Ma voix nait de mon ventre et coule de mon nez. Elle me surprend encore. Depuis que je me suis autorisée à m’en servir, je vocalise en mettant mes mains en pavillon sur mes oreilles. Que mes mots sont drôles ! Je m’essaie aux syllabes allongées démesurément dans le temps. Iodler, siffler sur tous les tons, chanter parfois. Le mot aimer m’amuse. Ouvrir les lèvres pour le « è », puis les fermer pour le « mer » en le projetant avec bonheur. Je nomme tout ce qui passe à ma portée : chat, chêne, cheminée, bois, bol, baiser, amour, amour, amour, je t’aime tant, je t’aime tant.


Oui, maintenant je peux aimer et être aimée. Avant ça, il fallait se taire.

Le silence, l’injonction du silence était partout, tout le temps, sur tous les tons : tais-toi, je ne veux plus t’entendre, tais-toi, je n’entends pas ce qu’ils disent à la radio, tais-toi, je veux entendre les infos de 20h, tais-toi. Et puis si cela ne suffisait pas, une claque à rendre sourd, un coup de poing dans le haut du crane, un coup de pied dans mon ventre d’enfant. Vomir, crier, s’étouffer, manger à nouveau, s’étouffer pour ne pas parler, pour réprimer les chants, les mots, la fillette qui veut dire, qui veut raconter, qui veut inventer, qui veut poser des questions. Les coups, les mots. Et enfin, le silence.

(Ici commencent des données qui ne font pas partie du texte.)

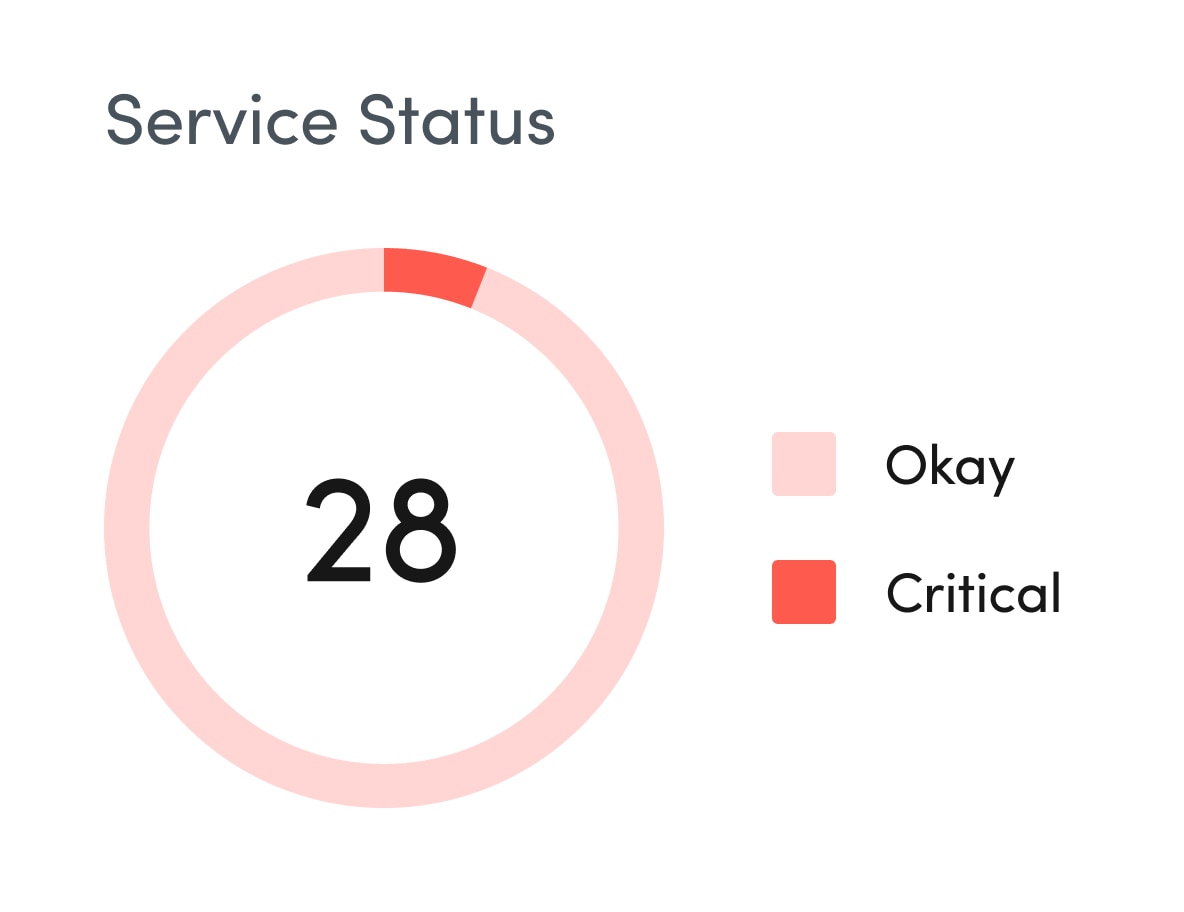  Enable true observability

A force de manger, mon envergure a dépassé les bornes. Un jour, un couteau s’en est mêlé. Dans ma cellule, je prends le temps de me réparer. Muette, je dessine, j’écris des mots. Je souris, je grandis. Dans la salle commune, je tapote quelques notes sur un piano désaccordé. Elles me servent de chant de baleine. J’aime tous les bruits de la prison. Même ceux de la nuit. Tous les jours, une belle personne vient me parler. Les tests ont montré que je n’avais pas de problème aux cordes vocales. Je ne sais pas répondre aux questions : as-tu envie de me parler ? veux-tu apprendre à parler ? pourquoi te tais-tu ? sais-tu que tu peux parler ? que tu peux me parler ?

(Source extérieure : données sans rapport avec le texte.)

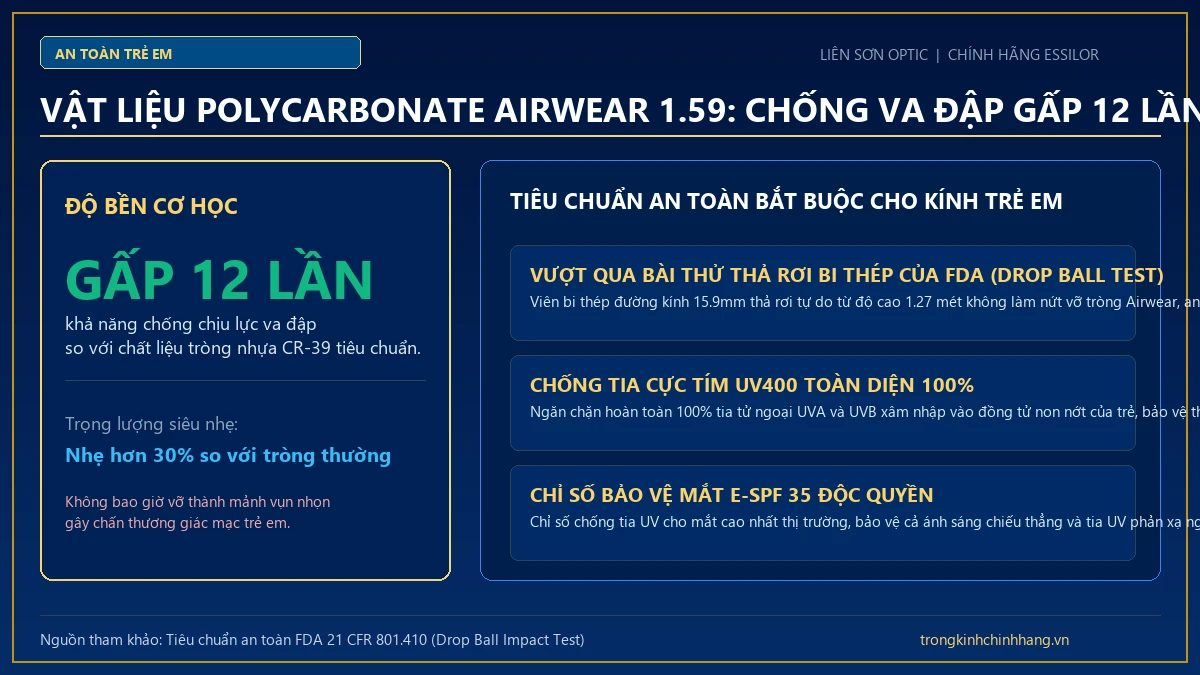 Vật liệu Polycarbonate Airwear 1.59 siêu nhẹ và chịu lực chống vỡ tuyệt đối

Parler, parler, c’est vite dit. Je préfère lui sourire. Aujourd’hui, je vais sortir de ma cellule pour aller à la piscine. On me jette à l’eau. Alors dans le grand bain, sous l’eau, j’ouvre les yeux. Et aussi la bouche. « Ouaaouh ». Bien sûr j’avale une telle quantité de liquide qu’un maître-nageur m’oblige à recracher en m’appuyant sur le diaphragme. Alors je crie « aaaaah ». C’est ma voix qui me ramène à la réalité.

Depuis ma sortie de prison, je reprends le « aaaaaah » devant mon miroir. Mon visage, mes mains, mon corps se transforment. De baleine je passe à dauphin, j’ai appris à nager. Je suis devenue une caisse de résonnance. Quelqu’un ne s’y est pas trompé et m’a proposé de m’écouter.

Il m’a pris par la main, et à force de patience, il a recueilli chacune de mes expériences sonores et ne s’étonne plus du changement de ton entre chaque mot. Il appelle cela ma musique.

Souvent, nous nous taisons. Pour le plaisir. Le silence cesse d’être un poids mort. Il change de couleur. Je l’aime. «èèèè » « meeeuh ».